Korea - Ceylon trims losses but needs equity infusion

Although the troubled Korea Ceylon Footwear Manufacturing Co. Ltd. (KCFMC) was able to post a Rs. 9.8 million operational profit for the year ended March 31, 1998, interest charges gobbled up much more than that. The company finished the year with a loss of Rs. 36.3 million in its books according to its just published annual report and accounts.

The picture, however, was not as bleak as in the previous year when KCFMC posted a Rs. 90 million loss. But with accumulated losses now running at Rs. 197.1 million, there is a long haul yet before a turnaround.

Reviewing the year, the company's chairman, Mr. A.G.L. Perera said that although they were better placed to meet challenges of "normal competitive pressure'', profitability will depend on the level of financing costs. He stressed that capital restructuring was needed and gearing had to be reduced with a new equity infusion.

Perera noted that turnover had increased to Rs. 742.7 million from the previous year's Rs. 595.3 million. This reflected an increase in export volume and a modest increase in prices realised.

He attributed the improved financial performance to the implementation of a rationalisation action plan. This had induced a 17% increase in production volumes, a 9% growth in unit export prices, a 5% reduction in unit prime material and overhead costs and enhanced the net sale margin by Rs. 83.8 million.
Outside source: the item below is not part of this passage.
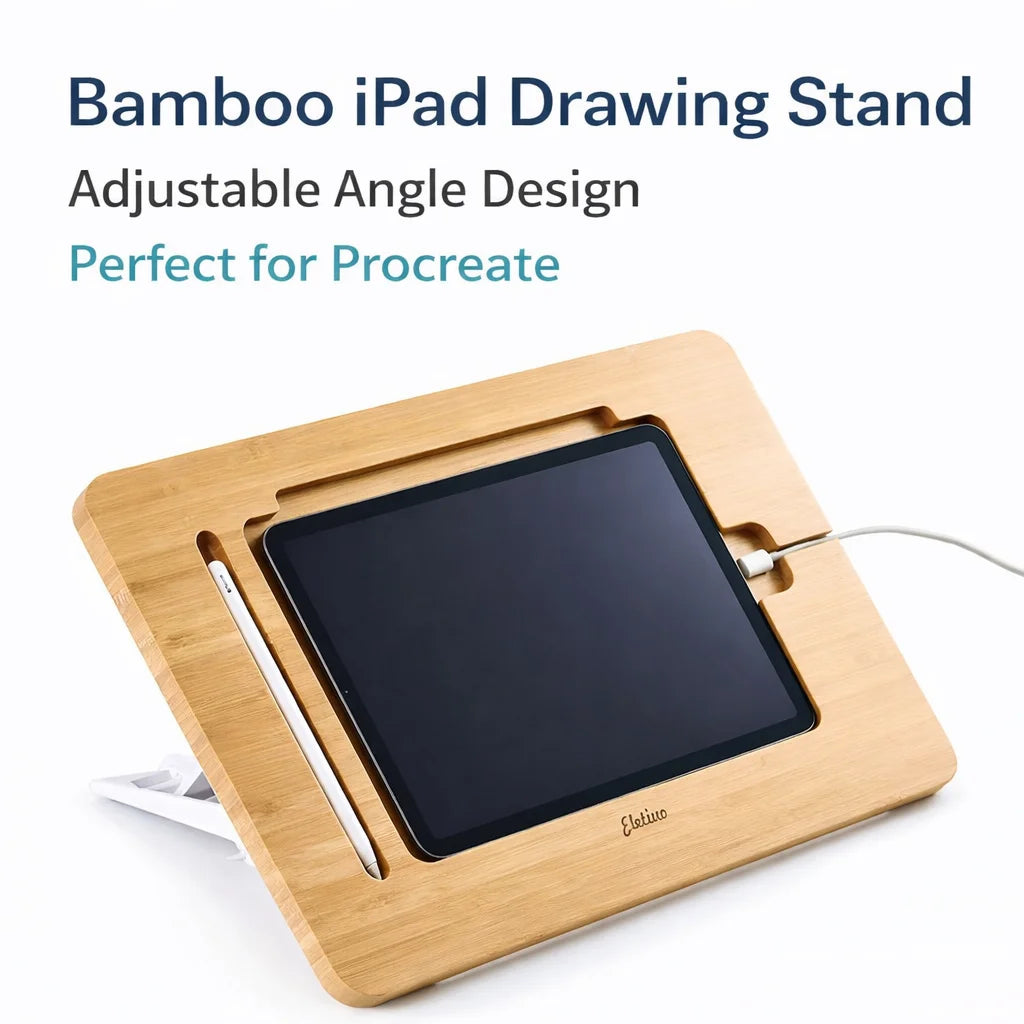Bamboo Tablet Stand Adjustable Foldable IPad Drawing Stand Multi Angle Holder for IPad Pro 11 12.9 Inch with Pen Slot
However, both interest charges (up to Rs. 46.7 million from Rs. 30.4 million a year earlier) and exchange losses (Rs. 23.7 million against Rs. 12.7 million the previous year) had grown.

The rationalisation action plan to which Perera said had been successfully implemented included replacement of key plant and equipment in the rubber component and shoe production departments at a cost of Rs. 23.4 million. Manpower had been reduced by 264 to 1,947 employees at balance sheet date.

Perera said that a skill enhancement programme was in place and production incentives have been enhanced. The management structure has been reorganised, administration procedure rationalised and export pricing strategies revised.

KCFMC continues to feel the bite of price competition from shoe manufacturers in China and Vietnam. Also, the South East Asian currency crisis had exerted pressure on export prices during the latter half of the year.

The company raised Rs. 63.2 million by way of a rights issue during the year under review and also drew down Rs. 61.2 million from long term loan facilities. These funds had been spent on capital expenditure (Rs. 47.4 million), repayment of long term loans (Rs. 62.7 million) and financing of working capital requirements (Rs. 14.3 million).

"The erosion of the equity capital base by losses and additional working capital requirements have increased borrowings. Consequently, the burden of financing costs has become a major factor affecting the profitability of the company,'' Perera said.

The chairman warned that "abnormal competitive pressures'' are likely to arise in the future until economic and financial stability is restored in South East Asia and Japan.

The C.W. Mackie Group (34%) and the Ceylon Trading Company Ltd. (27.2%) are the major shareholders of KCFMC. The Korean shares are held by the Doosan Corporation and the H.S. Corporation, with 5.32% each.

The directors of the company are A.G.L. Perera (chairman), P.B. Rasmussen (deputy chairman), S.S. Senaratne (managing director), Yoon. Il Kim, M.A. Abeynaike, D.A.T. Ranasinghe, S.H. Amarasekera and B. Norholm.